> _PROBLEM DETAILS_
Once the line containing "Jessica Parker Photo 26" is reached in the listing below, reproduce it and all later lines through the final one exactly, but omit any pictures.

::: RECORDS PROVIDED

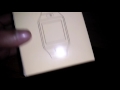 Smart Watch || Chomok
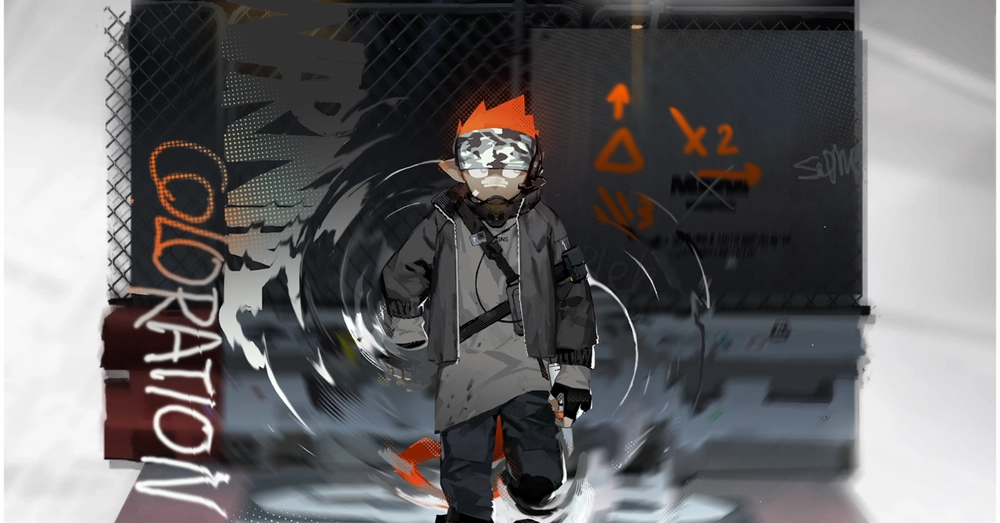 アークナイツ】イーサンの評価と特化スキルおすすめ | AppMedia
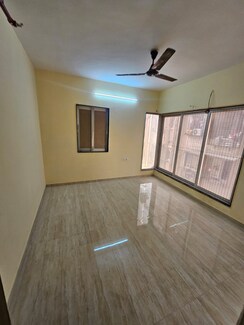 3 BHK Apartment For Sale in Options Kinara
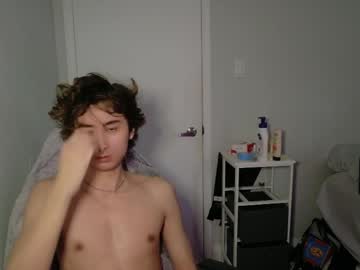 matt578281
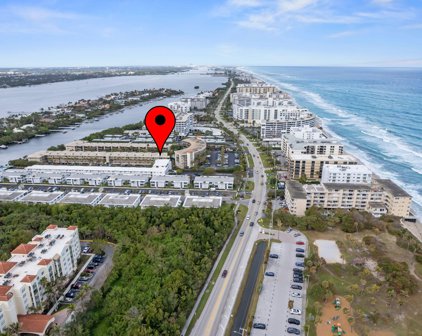 3605 S Ocean Boulevard Unit #231c, South Palm Beach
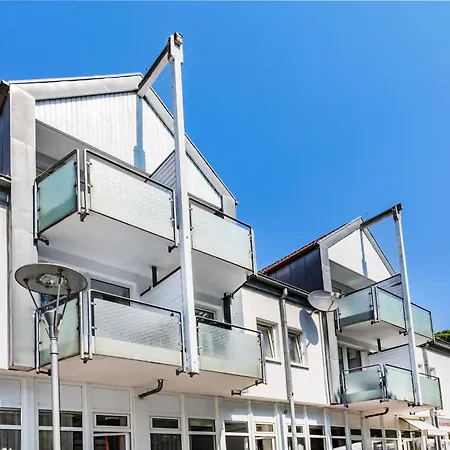 Parkhotel Frankfurt Airport Hotel Hattersheim am Main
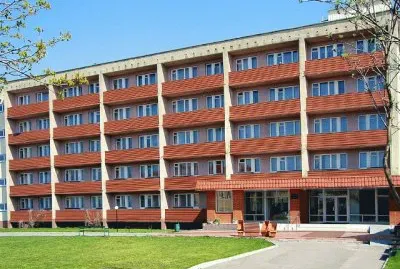 FaraÃ³n jigsaw puzzle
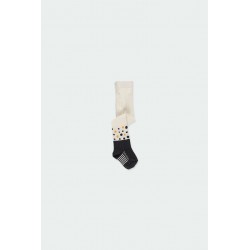 COLANT BOBOLI PENTRU BEBE - 131083-1111 - 131083-1111 - view 1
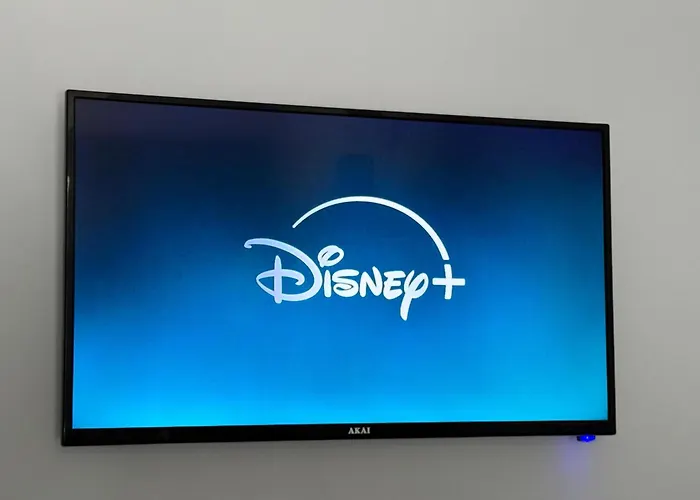 Casa Ferrara Rione Sanita 아파트 나폴리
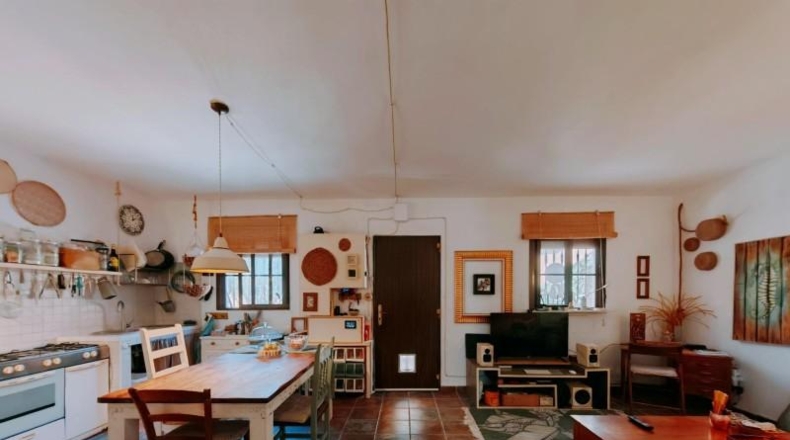 Cádiz - Chiclana de la Frontera - 2000m2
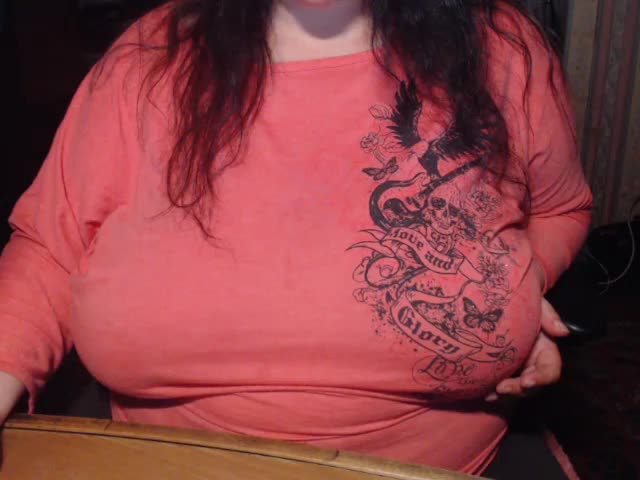 tanyvel Adult Chat September 6, 2026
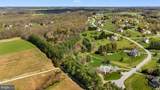  Farmington - Photo 10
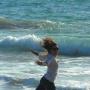 Jessica Parker Photo 26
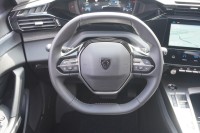 Peugeot 308 SW PureTech 130 Aut.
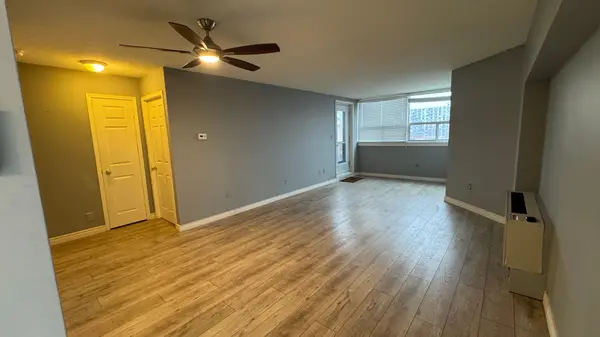 80 Athol ST E #501, Oshawa, ON L1H 8B7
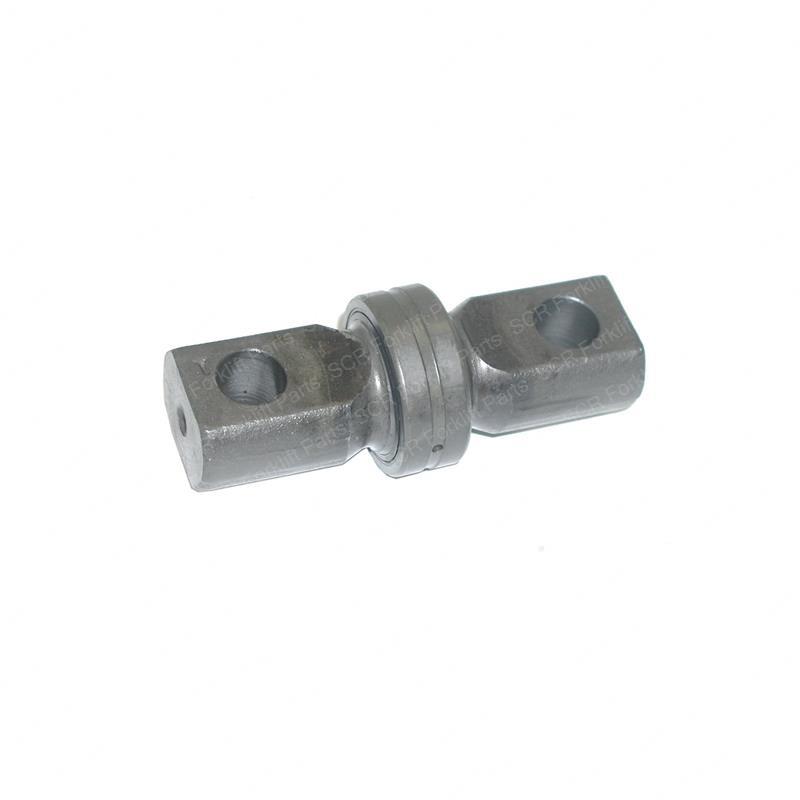 BOLT ASSEMBLY SY126185 sy126185 product image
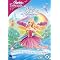 Barbie DVDs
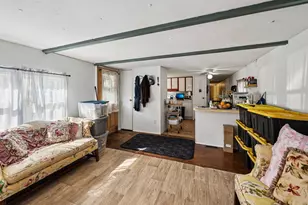 1403 Concord St S, South Saint Paul, MN 55075 - Photo 8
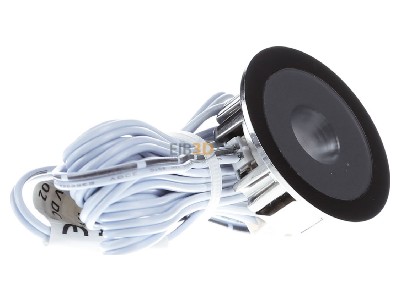 View on the left Hera AR35 2,2W ww eds-op. Downlight/spot/floodlight 1x2,2W 
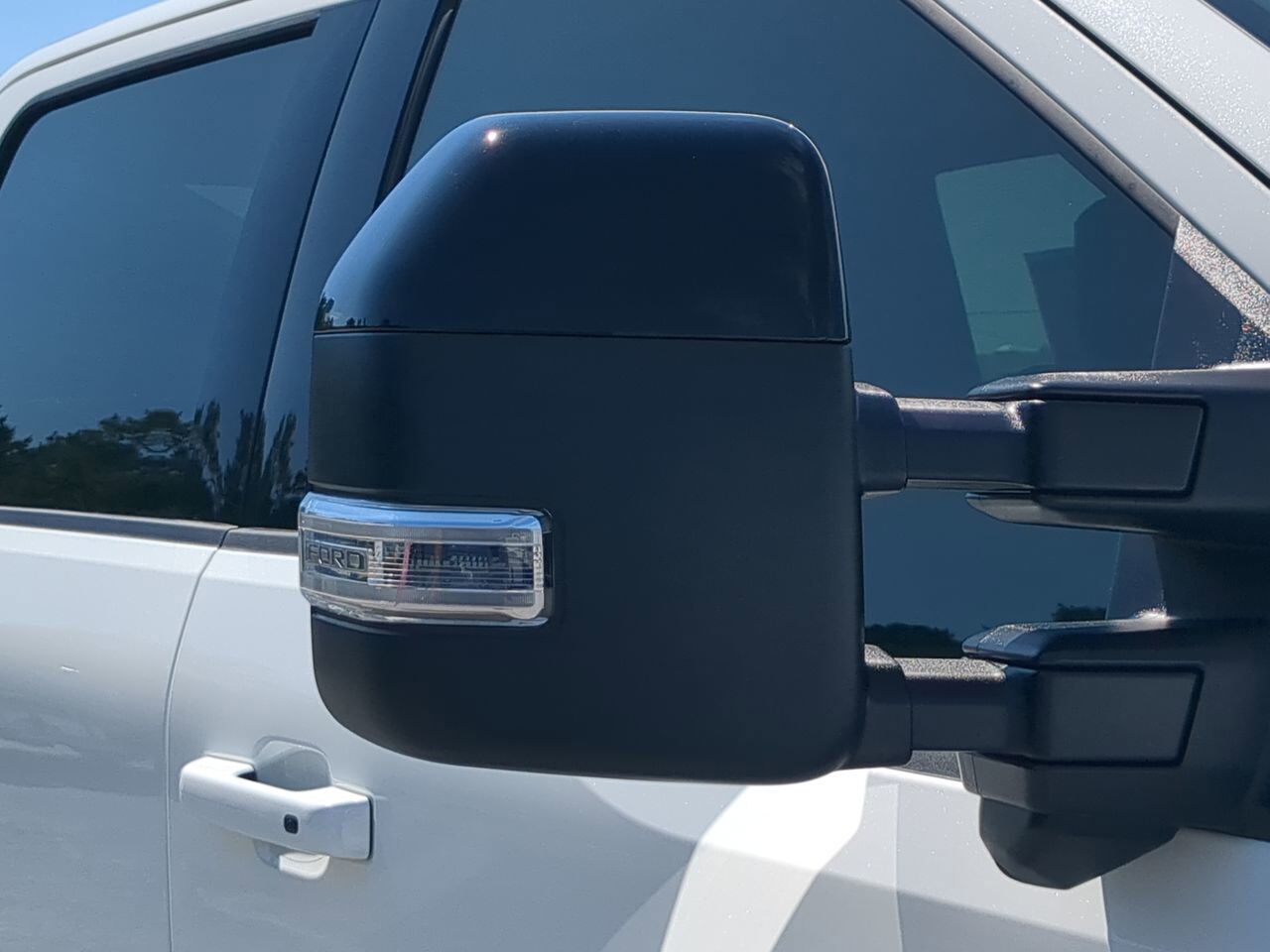 2026 Ford Super Duty F-250 SRW LARIAT Winder GA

::::::

> _OUTPUT FOR THIS TASK_
 Jessica Parker Photo 26
 Peugeot 308 SW PureTech 130 Aut.
 80 Athol ST E #501, Oshawa, ON L1H 8B7
 BOLT ASSEMBLY SY126185 sy126185 product image
 Barbie DVDs
 1403 Concord St S, South Saint Paul, MN 55075 - Photo 8
 View on the left Hera AR35 2,2W ww eds-op. Downlight/spot/floodlight 1x2,2W 
 2026 Ford Super Duty F-250 SRW LARIAT Winder GA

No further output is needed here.